Gulfport Author in Good Company

Claire Kemp prepares for her reading after winning the Broad River Prize for Prose in Columbia, South Carolina. Photo by Karen Gates.

Claire Kemp prepares for her reading after winning the Broad River Prize for Prose in Columbia, South Carolina. Photo by Karen Gates.

Gulfport author Claire Kemp may not be as well-known as Ernest Hemingway, John Updike or Joyce Carol Oates, but her short story “Keeping Company” was published alongside these famous writers in the 1993 textbook Literature and the Writing Process, Third Edition.

“Growing up, I was a voracious reader which inspired me to write,” says Kemp, whose “Keeping Company” was selected by the PEN Fiction Syndicate for publication and also published in the Chicago Tribune magazine in 1990. That led to textbook publishers Prentice Hall deciding to include the story in a section of the writing textbook titled “Gender and Relationships,” alongside literary legends.

Kemp says she started writing when she was six or seven years old growing up in Worcester, Massachusetts, during World War II.

“Back then you didn’t buy paper,” says Kemp. “But my father was a bookkeeper, and he would bring home old ledgers.
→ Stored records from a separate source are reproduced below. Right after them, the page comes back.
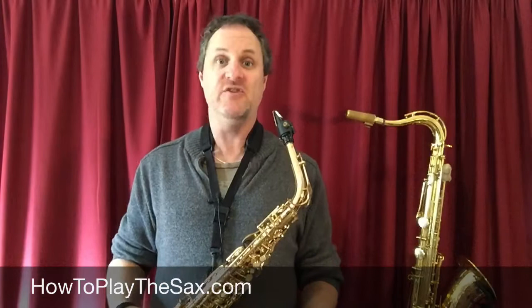Good morning, good afternoon, good day and welcome back to howtoplaythesax.com. My name is Matthew and you are a saxophonist, and because you are an awesome saxophonist we like to be able to play all the notes on our saxophone. So in this lesson we are going to look at one of the notes on our saxophone — the letter F.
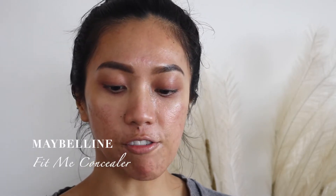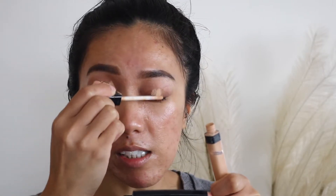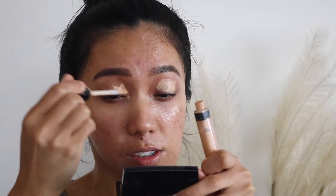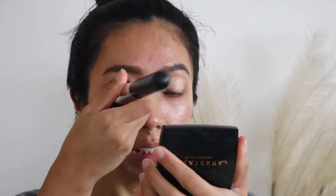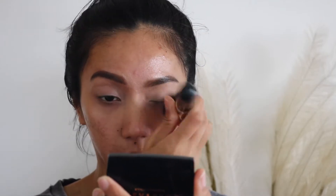I don't have any specific look in mind to be honest, so we're just gonna figure it out. Before we move on to the eyeshadow I'm going to prime my eyes with the Fit Me concealer from Maybelline. It's such a good concealer because it's quite hydrating and it does the job at concealing as well — it just glided on smoothly without any problems.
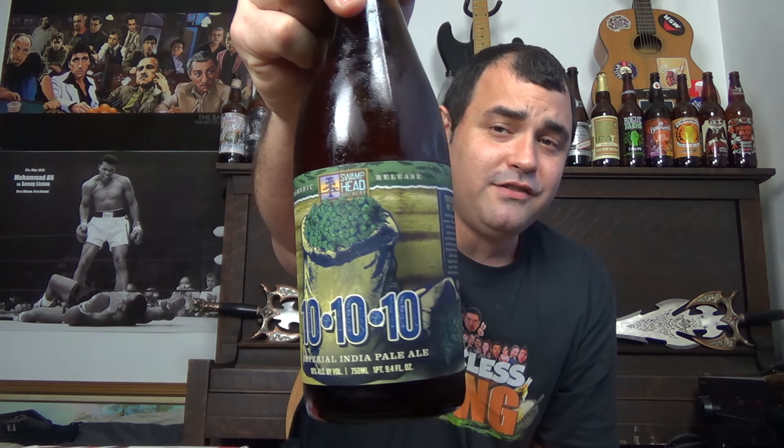Tonight I definitely have a pretty awesome beer. I'm going to talk about this one a little bit more later on in the video as well, with some ideas I'm working on with the channel. This is from my favorite local brewery here in town — Swamp Head Brewery. They really do make some incredible beers, and their IPAs are absolutely outstanding. This is their 101010, an Imperial India Pale Ale at 10% ABV. Perfect beer for a Tall Can Tuesday.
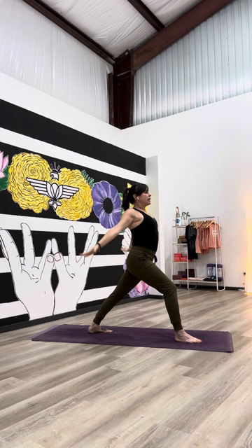To step out, sweep your arms back to heart center. Give that lift onto the back tippy toes, a little bend of that left knee, and set the left foot up to meet the right. Warrior one.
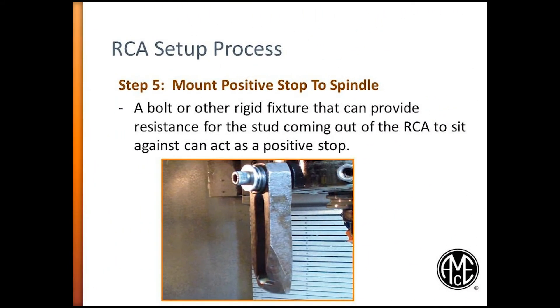Step 5. Mount positive stop to spindle. This step is critical. This positive stop can be accomplished by attaching a bolt or other type of rigid fixture to the spindle housing. This will create a stopping point for the stud that was assembled to the RCA adapter in Step 4. Warning: the RCA adapter cannot be operated without a positive stop to prohibit the RCA adapter from rotating with the tool. Failure to do so can cause serious injury.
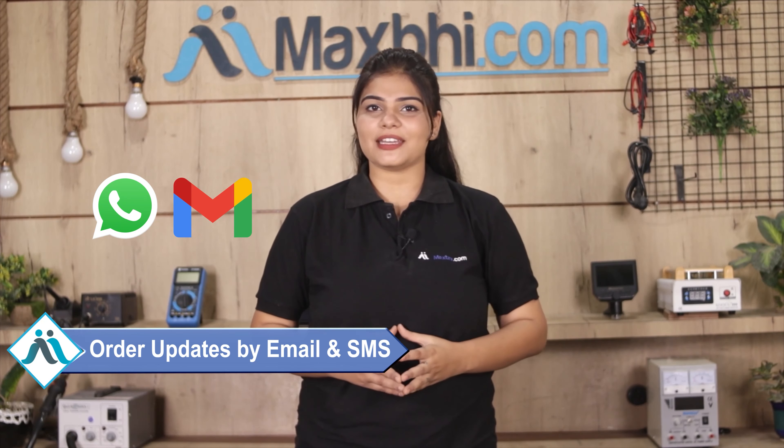Your order updates and tracking details will be regularly sent to your email or phone, so you can always check the status of your order. MaxBee.com has delivered phone parts to thousands of happy customers over 6 years.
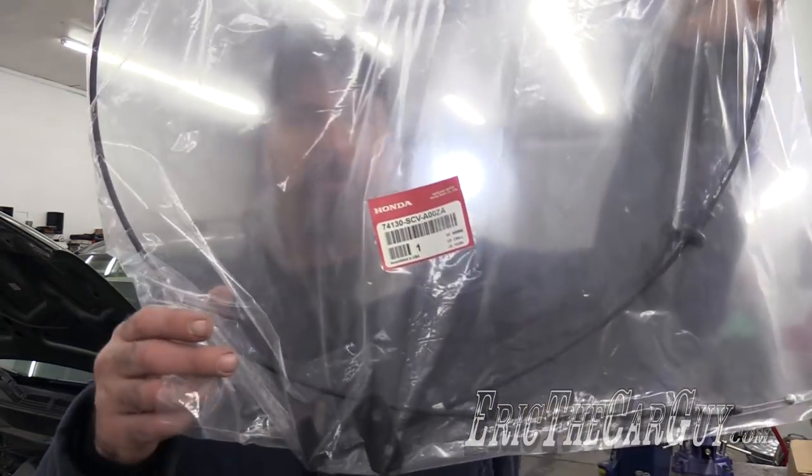Greetings viewers, Eric the Car Guy here. 2004 Honda Element's behind me, and you know what we're doing here. You probably read the title of the video by now, but I'm going to trade my current device for opening the hood for a new hood cable from Honda.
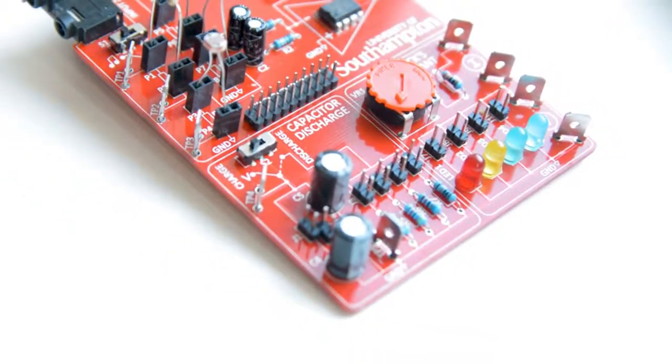Hi, I'm Sam and I'm a first year electronic student at the University of Southampton. In this experiment we're looking at capacitor discharge.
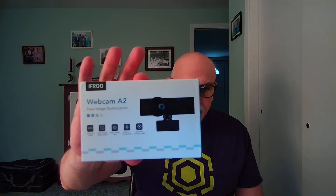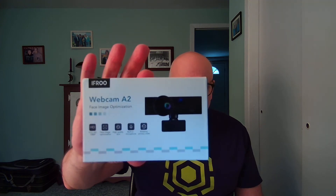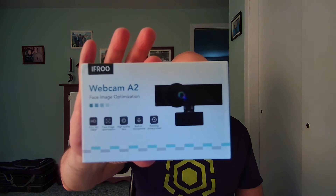Hey folks, welcome back. Webcam review day today. This is another Amazon webcam. This one is from a brand called IFROO — I-F-R-O-O. Model is Webcam A2.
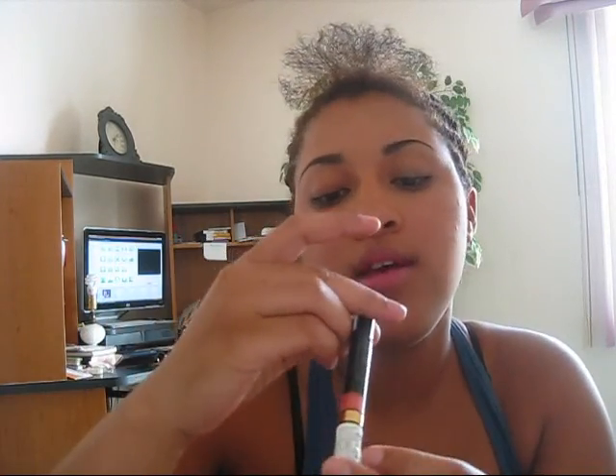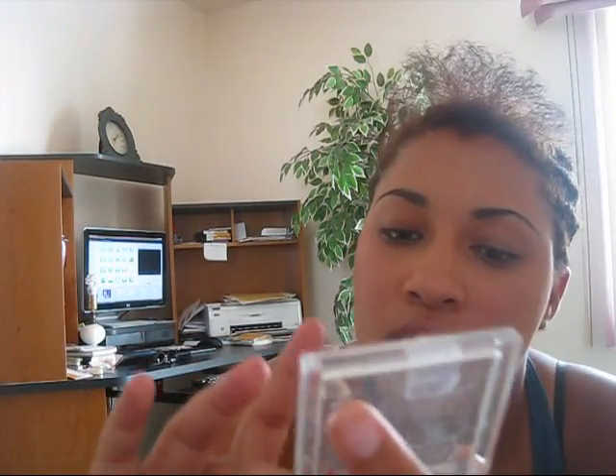For lips I have Revlon Cream Gloss in Coral Crush — it's a really pretty color. I no longer use liquid eyeliner; I just use black eyeshadow with a thin brush. It works great, stays on longer, and I don't get smudging or that peeling-off issue you sometimes get with eyeliner. I go ahead and put my eye base on — just a little bit — and you want to put it everywhere you'll be applying color.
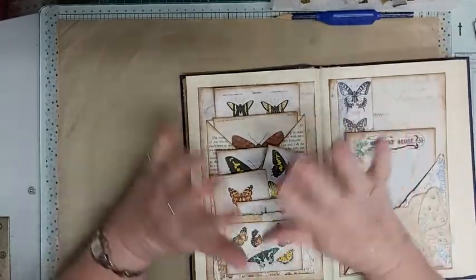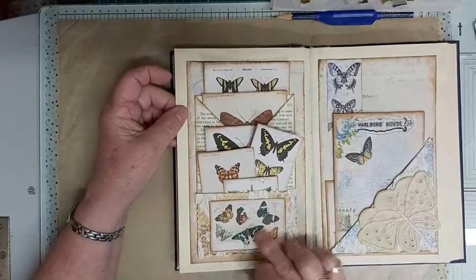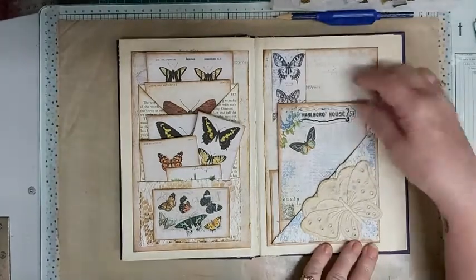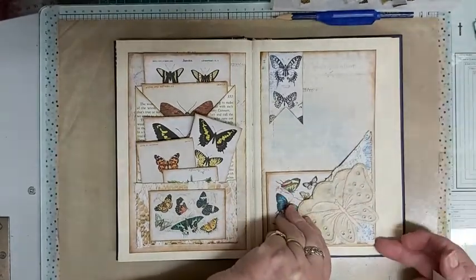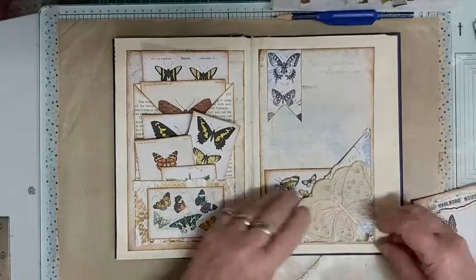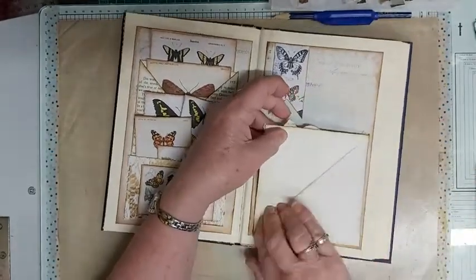I just inked around the edges. I didn't worry about covering up the words — as far as I can see there's nothing offensive there. Just a little bit of lace, and then one of the embellishments out of the book. This is a butterfly from a piece of linen — I think it was a doily — and I've got some lace behind it and a little card here. And there we go — so we've got a Rita Donnelly flip-up.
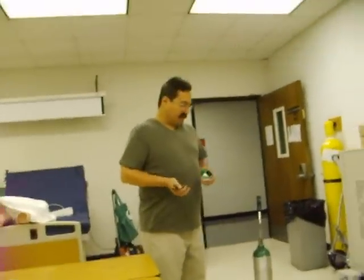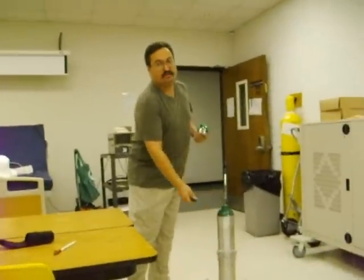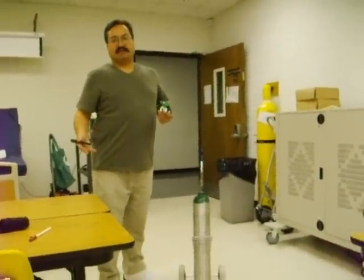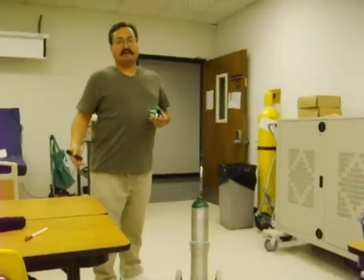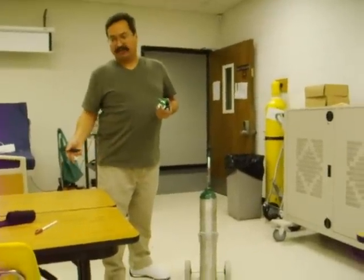We're getting ready to transport a patient, and we've got a full cylinder here, which we know will last us 10 hours at about 1 liter per minute, or 1 hour at 10 liters per minute, following our general rule of thumb.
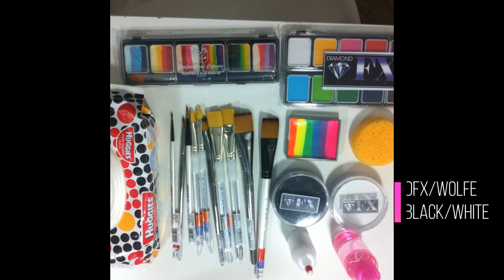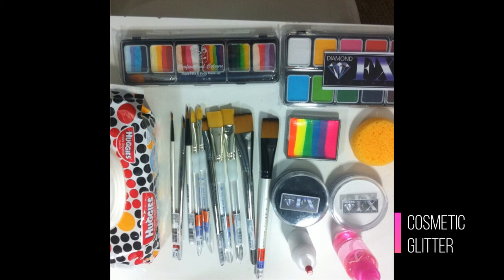Wolf Diamond FX Black and White — I prefer Diamond FX, that's the best brand that I have. It gets the least gooey out of any of the whites that I've used and it has really good pigment. And then your glitter — I use cosmetic glitter only because it's safe around the eyes. I only use pretty much white, so just getting white will do you fine.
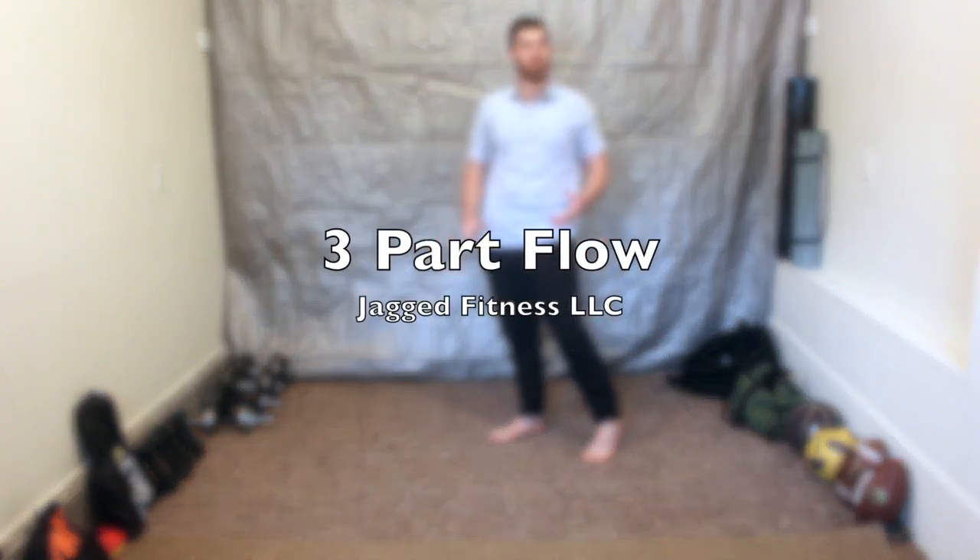What's up y'all? In this video I'm going to be talking about a three-piece flow that requires three movements, starting from a standing position and finishing with a standing position.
One day I picked up a pencil and started to write, using the back of the ledger paper.”

She was later encouraged by a high school English teacher who told her she had the ability to write anything she wanted to. Apart from that, Kemp says she has had no formal writing training and doesn’t read books about writing. She still writes longhand on a yellow legal pad.

Kemp’s sister, a medical transcriptionist who lives in New Hampshire, types the finished short stories that Kemp either mails or reads to her over the phone while she types. The most recent result is a collection of 34 short stories with illustrations by Cal Navin. She has written enough stories for another collection, she says, that will also include a novella.

“My sister says these stories are my children, which makes them her nieces and nephews,” says Kemp.

In reality, Kemp has four children, and she didn’t always have time to write on a regular basis. She began writing “for real,” she says, after a series of personal adversities.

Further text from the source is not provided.